1) The same location should be used, and while that seems difficult, use a GPS receiver to pinpoint that location.
2) The same depth should be used, which is the recommended 7 inch sample depth. If you are in a no-till program and the soil has little mixing, the sampling process is critical. If the soil is not mixed, P and K levels will be higher in the top inch where plant tissues have deteriorated and blended with the top layer of the soil. A shallow sample gives you a reading of more P and K than actually exists throughout the 7 inch sample depth, and if the top layer falls out of the probe, your test will not be true.
3) The same time should be used in collecting the samples, whether it is in the fall or the spring or whenever, do it at the same time of year.
4) The same tool should be used in collecting samples, whether you used the recommended soil probe or the lesser recommended auger or the non-recommended shovel.
5) The same testing lab should be used, since it will use the same methodology in testing the sample, and that reduces the variability that might change your application rate.
Fernandez says potash is particularly troublesome because of uncertainty in testing, and the wide swings of test results, depending on time of year and soil moisture when the sample is taken. He says readings are more uniform when potash is tested in the spring because moisture is more uniform, but there are substantial differences from year to year with fall tests. In 2010 the soil was dry and readings may have been low and extra potash may have been applied because of that.

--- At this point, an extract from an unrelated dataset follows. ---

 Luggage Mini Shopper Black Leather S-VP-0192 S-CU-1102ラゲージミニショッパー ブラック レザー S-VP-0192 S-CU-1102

Fernandez says leaching of K molecules from decaying plant material into the soil can also influence its availability. That is because the potash stays as a K ion in the plant, and not part of a larger molecule like nitrogen or phosphate which become part of the plant chemistry. The latter are slower to be released into the soil, compared to the K which leaches out of the plant material much quicker. But last year, the lack of moisture in the fall meant the K ions remained in the undecayed plant material and soil tests may have indicated a shortage of K compared to other years with more normal moisture and biological activity to break down the corn stover.
Soil testing can be an important part of your crop management program, but the testing process can sometimes be fraught with peril. Use soil tests as yardsticks to measure change, more than using them to determine the exact amount of P and K in a field. Take soil tests with minimal change in your routine from year to year to reduce variability. Beware of the fact that potash test results depend on the time of year and the amount of soil moisture for accuracy.